Hazret-i Dâvûd aleyhisselâm bir mağara görüp ve ittilâ (araştırmak) için içine
girerler. Ve onda bir racûl meyyit cesedi (ölü adam cesedi) ve başı ucunda bir levha
görürler ki levhada (şunlar yazılıdır):
“Ben filan oğlu filan melik (kral) olup bin sene saltanat ve bin şehir bina ve bin
kız tezevvüc edip ve bin ordu bozdum idi.
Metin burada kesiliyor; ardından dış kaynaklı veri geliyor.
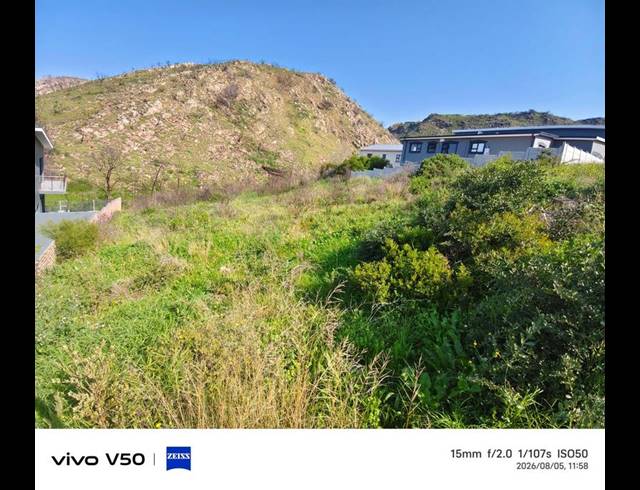 LAND FOR SALE IN ISLAND VIEW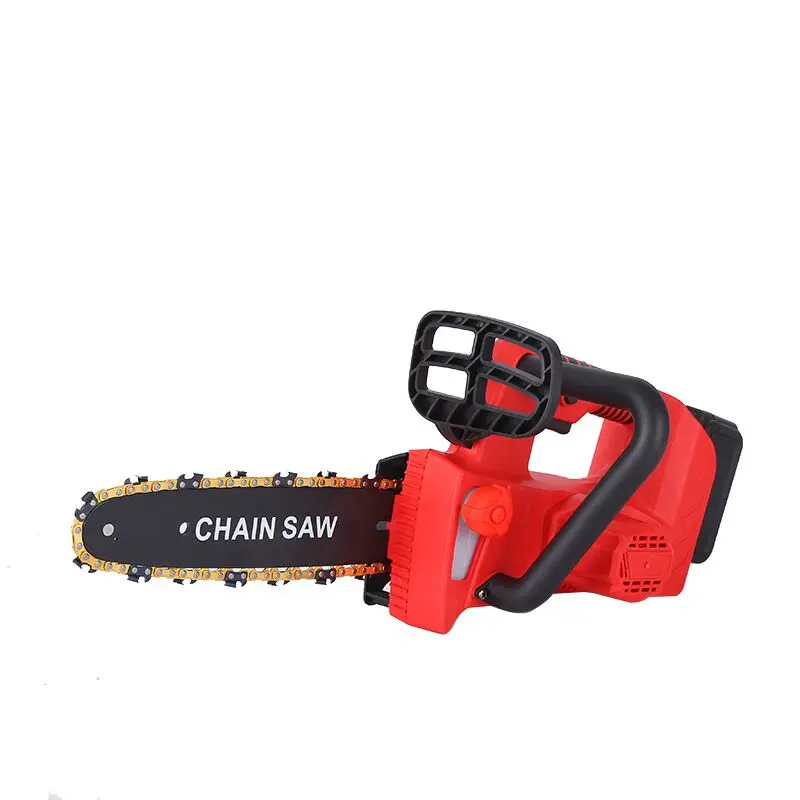 Hot Sale Portable Electric Hand Saw 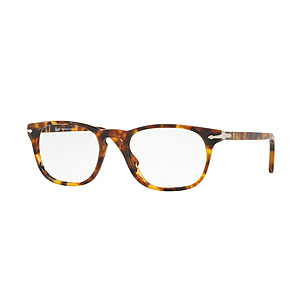 Persol po3121v online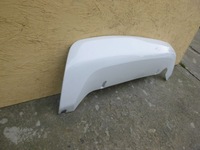 фото thumb №11, Opel crossland x 16- бампер задний задняя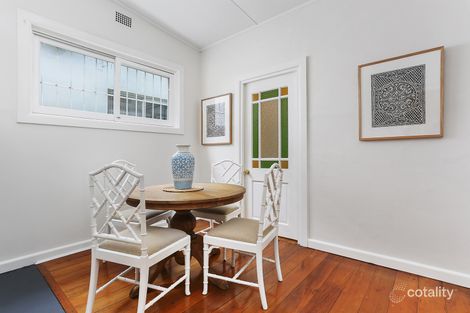 Property photo of 101 Rainbow Street Kingsford NSW 2032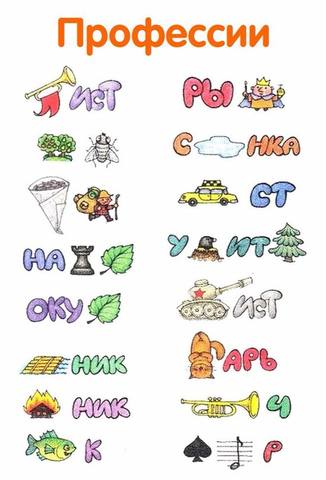 Кафе "У пани Сони"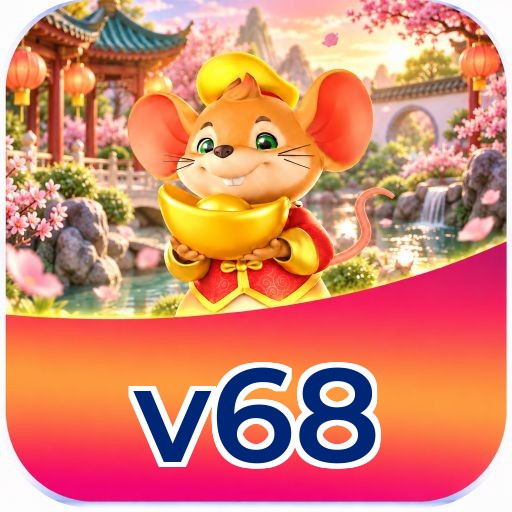 Instalar v68 - Guia completo para Android, iOS e PC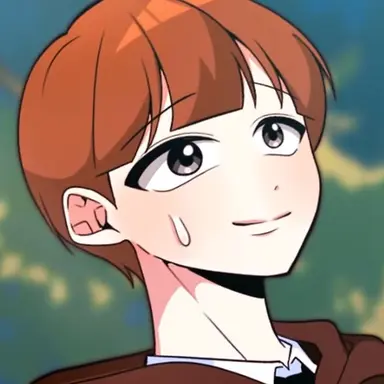Profile image of 김찐따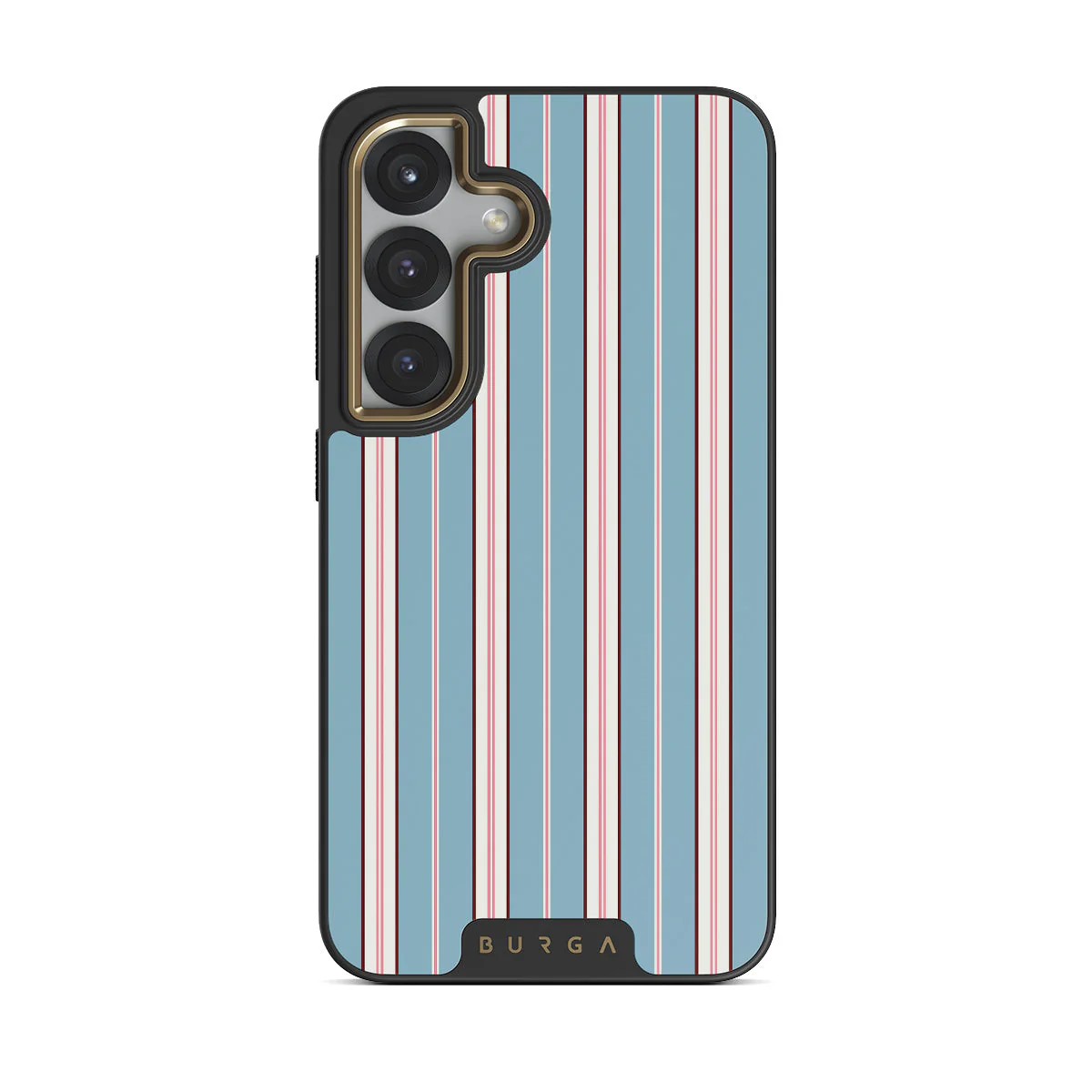 Afternoon Nap - Samsung Galaxy S25 Plus Case - Image 5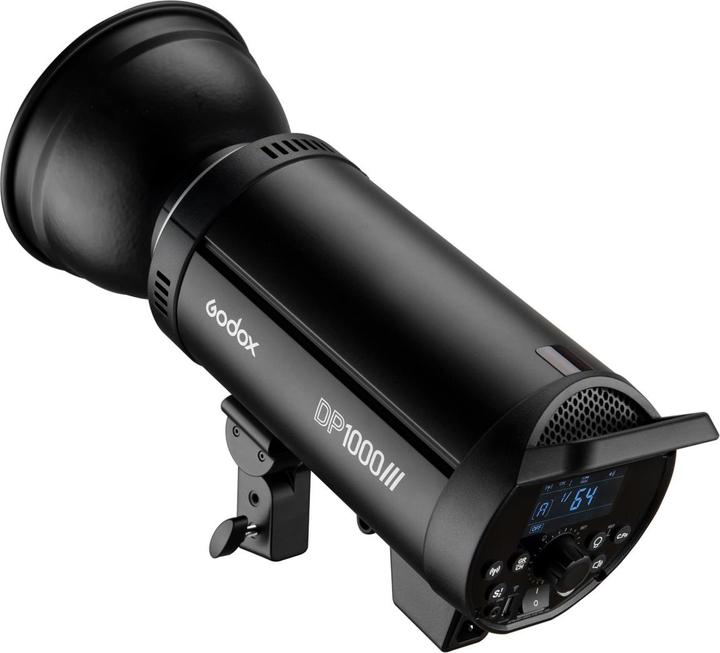 Image du produit Godox DP1000 III (1000 W, Tête de flash)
Sonra ülkemde kaht (kıtlık) olmakla hâlim şu
sûrete vardı (sonunda hâlim öyle oldu) ki bir çörek tahsîli (elde etmek) için bir zenbil
(sepet) dolusu akçeyi memâlikime (ülkelerime) gönderdim, bulunamadı. Ba’dehû cevâhir
ile dolu bir zenbil-i âhâr (mücevher dolu bir sepet) dahî gönderdim. Yine
bulunamadığından saray-ı âlîye (de) açlığımdan fevt oldum (büyük sarayımda acımdan
öldüm). Hangi kimsedir ki bir çöreğe mâlik olarak sabahlamaya yâni ondan gayrı şeye
mâlik olmaya da rûy-ı arzda (yeryüzünde) kendinden zengin var deyû zan ve zum’
eylemesin (iddia etmesin). Hak Teâlâ fakiri de zengini de ifnâ eder (yok eder)”
“Bir değirmendir bu fânî, un eder bir gün bizi.”